Child care has its glamorous side, with “princesses” inviting McGann to tea parties and “hairdressers” styling her hair constantly.

But there are hazards, too. She’s been peed on, vomited on and used as a diaper. Dangerous creatures that are extinct everywhere else casually roam the day care, and sometimes they “attack.”

“I was playing ‘dinosaur’ with a little boy,” she recalled. “I turned around to pick up one of the other kids, and he bit me.”

The situation ended in a talk about “pretend” and “real,” McGann reported.

McGann said she — and other prudent day care and church nursery workers — also play “pretend” when baby book happenings are at stake.

“I guess you might see first steps, first words and just the different milestones as they develop,” she said. “Some parents wouldn’t want to think that you would see it for the first time. So sometimes you might pretend you didn’t see that.”

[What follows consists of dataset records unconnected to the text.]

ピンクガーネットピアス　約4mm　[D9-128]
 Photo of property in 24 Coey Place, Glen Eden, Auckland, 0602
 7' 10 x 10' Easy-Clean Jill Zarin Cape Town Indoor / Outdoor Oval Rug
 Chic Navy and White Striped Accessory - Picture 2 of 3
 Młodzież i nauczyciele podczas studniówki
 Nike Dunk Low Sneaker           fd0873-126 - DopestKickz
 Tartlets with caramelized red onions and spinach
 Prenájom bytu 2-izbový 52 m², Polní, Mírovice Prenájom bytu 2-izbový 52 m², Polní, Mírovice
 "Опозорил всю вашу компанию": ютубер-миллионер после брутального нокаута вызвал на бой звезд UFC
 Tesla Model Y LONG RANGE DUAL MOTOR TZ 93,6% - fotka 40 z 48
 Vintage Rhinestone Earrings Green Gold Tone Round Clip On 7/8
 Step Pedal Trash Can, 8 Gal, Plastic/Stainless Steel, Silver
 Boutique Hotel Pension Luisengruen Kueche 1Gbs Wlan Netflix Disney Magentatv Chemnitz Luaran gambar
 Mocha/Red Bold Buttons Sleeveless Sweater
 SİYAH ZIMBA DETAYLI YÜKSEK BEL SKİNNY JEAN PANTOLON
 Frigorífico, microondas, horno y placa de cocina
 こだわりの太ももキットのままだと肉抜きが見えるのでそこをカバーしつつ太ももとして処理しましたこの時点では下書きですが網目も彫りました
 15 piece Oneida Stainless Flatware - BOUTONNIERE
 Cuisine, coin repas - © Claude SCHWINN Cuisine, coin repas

While caring for kids is her passion, McGann said she feels satisfied knowing that she’s giving parents the peace of mind and security of knowing their kids are happy.

“Without good, quality day care, lots of parents couldn’t work,” she said. “We provide the children a safe environment, ensure all their needs are met. We ensure that we spend individual time with all the children so they feel loved.”

Bullfrogs and Butterflies staff members schedule kids with the same workers most days so strong bonds can develop, she added.

McGann said she loves all the kids. Does she ever have a favorite?

“I always enjoy the ‘wild’ ones,” she said, laughing. “I don’t know why, but I do. The quiet ones are never in trouble, so I make it a point to pay attention to them. But the ‘wild’ ones, where you’re constantly chasing them, they just stick with you.”

McGann said she’s developed deep bonds with church children since she’s involved in many of their lives from the time they are born until they start kindergarten.

“One little girl told her mom that I’m her ‘other mother,’” she said, laughing.

McGann’s twin sister, Michelle Sparks, works with mentally challenged community members.